**** Collected data

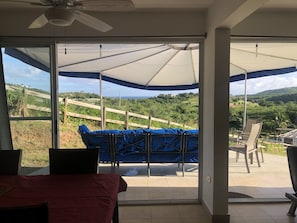 View from the dining area to the patio. 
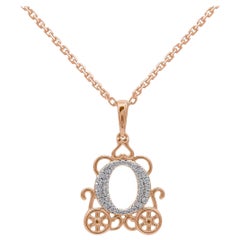 TJD Colgante de carruaje de diamantes Cenicienta encantada de 0,10 quilates y 14 quilates de oro rosa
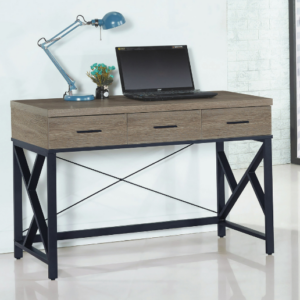 C344-6芮茲灰橡木4尺三抽鐵書桌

********

Pictures in the data above should not be copied; transcribe everything else exactly.

- Reply -
 View from the dining area to the patio. 
 TJD Colgante de carruaje de diamantes Cenicienta encantada de 0,10 quilates y 14 quilates de oro rosa
 C344-6芮茲灰橡木4尺三抽鐵書桌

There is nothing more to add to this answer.